The subdifferentials of the first and second orders for Lipschitz functions

TL;DR

This paper develops a unified theory of first and second order subdifferentials for Lipschitz functions using Steklov integrals, providing new rules, equivalences, and calculus for optimization applications.

Contribution

It introduces novel constructions of subdifferentials via Steklov integrals and proves their equivalence with existing definitions, extending the calculus of subdifferentials for optimization.

Findings

Subdifferentials of first order coincide with average integral limits of gradients.

Subdifferentials of second order match second derivatives for twice differentiable functions.

The paper provides necessary and sufficient optimality conditions using generalized gradients.

Abstract

Construction of an united theory of the subdifferentials of the first and second orders is interesting for many specialists in optimization \cite{morduchrockafel}. In the paper the rules for construction of the subdifferentials of the first and second orders are introduced.

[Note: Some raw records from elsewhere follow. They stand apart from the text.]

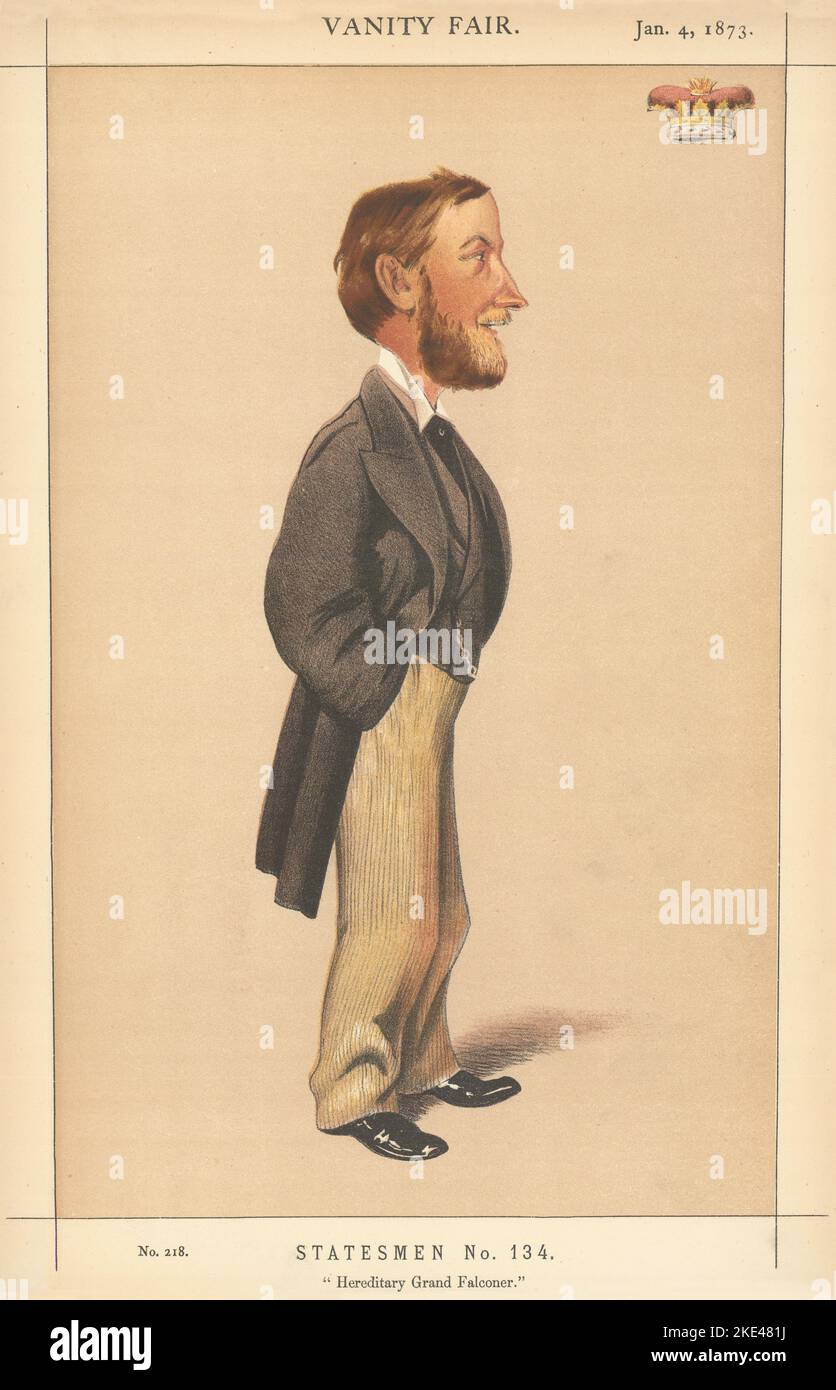 EITELKEIT FAIR SPIONAGE CARTOON der Herzog von St. Albans 'Hereditary Grand Falconer' 1873 Stockfoto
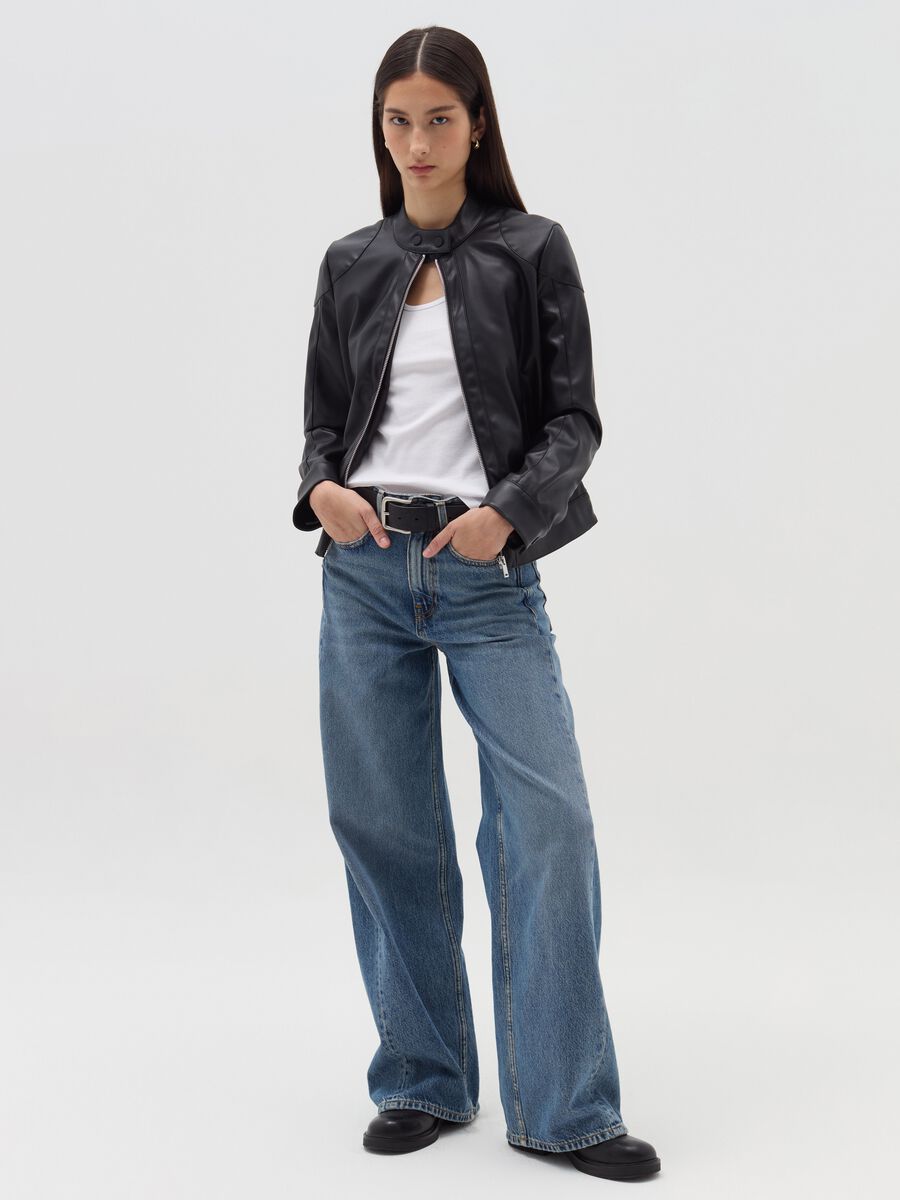 Full-zip biker jacket with buttons on the neck_1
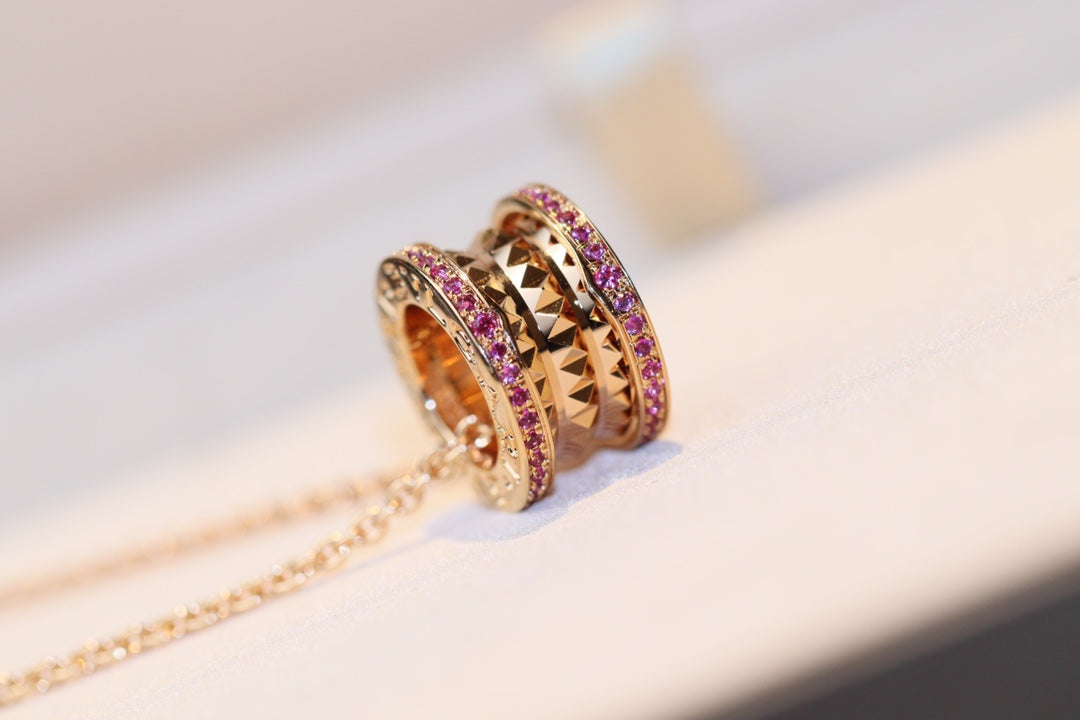 [BLUE TEARS]ZERO 1 ROCK PINK GOLD PINK DIAMOND NECKLACE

The constructions are done with the help of the Steklov integral of a Lipschitz function $f(\cdot)$ over the images of a set-valued mapping $D(\cdot)$. It is proved that the subdifferential of the first order consisting of the average integral limit values of the gradients $\nabla f(r(\cdot))$, calculated along the curves $r(\cdot)$ from an introduced set of curves $\eta$, coincides with the subdifferentials of the first order constructed using the Steklov integral introduced by the author for the first time in \cite{lowapp2}, \cite{lowapp2a}. If the function $f(\cdot)$ is twice differentiable at $x$ then the subdifferentials of the first and second orders coincide with the gradient $\nabla f(r(\cdot))$ and the matrix of the second mixed derivatives of $f(\cdot)$ at $x$. The generalized gradients and matrices are used for formulation of the necessary and sufficient conditions of optimality. The calculus for the subdifferentials of the first and second orders is constructed. The examples are given.